# Wintec Reviews?



## ldyscrye (Jul 20, 2015)

I just got my Wintec saddle and I love it! My mom is not as sold on it as I am so I am curious what others think about Wintec saddles. Yes, I know its a synthetic saddle, but my mom needs a light weight saddle because of back issues. So any reviews and comments would be welcome.


----------



## gigem88 (May 10, 2011)

I LOVE MY WINTECS!!! I currently have a dressage saddle and an AP saddle. Sold a Charles de Kunffy dressage saddle because it was sooooo dang uncomfortable, it hurt my lady parts every time I rode!! (I know tmi) My favorite Wintec was the stock saddle, sadly I sold it to buy a western show saddle. Love not having as many leather saddles to keep clean and oiled.


----------



## Woodhaven (Jan 21, 2014)

I have an Isabel Wintec dressage saddle and I really like it. I have had it for 14 years and it has been used a LOT over that time, still in good condition and requires almost no maintenance.
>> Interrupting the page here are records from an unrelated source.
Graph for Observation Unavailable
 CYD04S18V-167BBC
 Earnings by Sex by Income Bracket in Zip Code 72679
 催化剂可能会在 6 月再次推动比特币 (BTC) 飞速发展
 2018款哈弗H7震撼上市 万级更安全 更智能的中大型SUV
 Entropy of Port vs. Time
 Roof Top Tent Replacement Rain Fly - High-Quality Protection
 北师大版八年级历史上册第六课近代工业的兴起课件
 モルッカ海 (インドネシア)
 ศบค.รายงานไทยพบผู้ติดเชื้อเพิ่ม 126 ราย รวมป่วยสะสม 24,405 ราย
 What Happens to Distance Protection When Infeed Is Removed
It's one of the most comfortable saddle (English or Western) that I have ever ridden in.


----------



## blue eyed pony (Jun 20, 2011)

I had an Isabel I hated but other than that haven't met a Wintec saddle I disliked


----------



## hollysjubilee (Nov 2, 2012)

I have loved my Wintecs, particularly my Wintec Sport Dressage, the old style ones without the top jockey . . . but I bought a Wintec Western thinking it would feel the same, and it was really different and I didn't care for it at all.
I have found that on some horses, the Wintecs can pinch behind the withers, but the tree IS flexible which is good, and also requires tightening the girth once you mount up.
Enjoy!


----------



## jaydee (May 10, 2012)

If they fit you and the horse then they work really well.
I know a few people that have had problems with the CAIR panels leaking but they had them flocked which seemed to fix the trouble
They don't hold their resale value which is a negative if you sell the horse they fit and it doesn't fit the new one


----------